Protected by U.S. Patent App. 19/462,031, Claims 1-7
Non-Transferable
Digital Records use Solana Token-2022 with the NonTransferable extension. Once created, they cannot be transferred to another owner. This materially reduces transfer-based theft, resale, and related fraud vectors by design.
Tamper-Evident History
Veterinary attestations form a tamper-evident chain. Each attestation includes the hash of the previous one. Modifying any record requires re-forging every subsequent attestation and the on-chain anchor.
Protected by U.S. Patent App. 19/462,031, Claims 11-13
Independent Verification
The architecture enables record verification by querying the Solana blockchain directly and recomputing hashes — no API keys, no account required. On-chain anchoring is live; fully trustless verification without our API is in development.
Protected by U.S. Patent App. 19/462,031, Claims 8-10, 17
Technical Specification
Genesis Hash Architecture Patent Pending - Claims 1-7
The Genesis Hash is computed from:
Genesis Hash = SHA-256( protocol_version // "nebula:v1:" - enables algorithm evolution pet_id // Cryptographically random UUID, never reused mint_address // Solana blockchain address species // Categorical (Dog, Cat, etc.) breed // Categorical microchip_hash // SHA-256 with domain separator kennel_hash // SHA-256 of breeder kennel (if attributed) timestamp // ISO-8601 creation time block_slot // Solana blockchain slot number )

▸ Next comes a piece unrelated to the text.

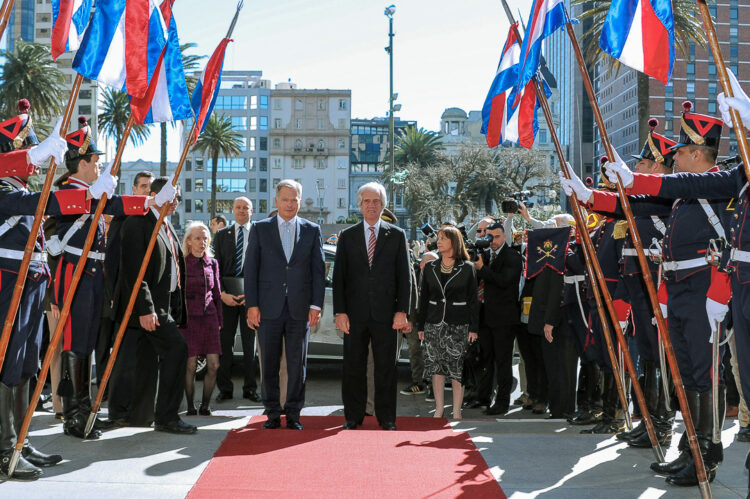  President Tabaré Vázquez of Uruguay received President Niinistö. Reception ceremony in Montevideo on 17 August 2016. Photo: Presidencia de la Republica - ROU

Why this matters: The Genesis Hash is stored on-chain. To forge a record, an attacker would need to find a SHA-256 collision (computationally infeasible), achieve sustained supermajority control of Solana validator stake, and match the exact block slot.
pet_id is a cryptographically random, non-reused UUID generated at creation time and never reassigned.
Domain-Separated Hashing Patent Pending
Each sensitive field gets its own domain prefix before hashing:
microchip_hash = SHA-256("nebula:microchip:" + microchip_number)
vet_license_hash = SHA-256("nebula:vet_license:" + license_number)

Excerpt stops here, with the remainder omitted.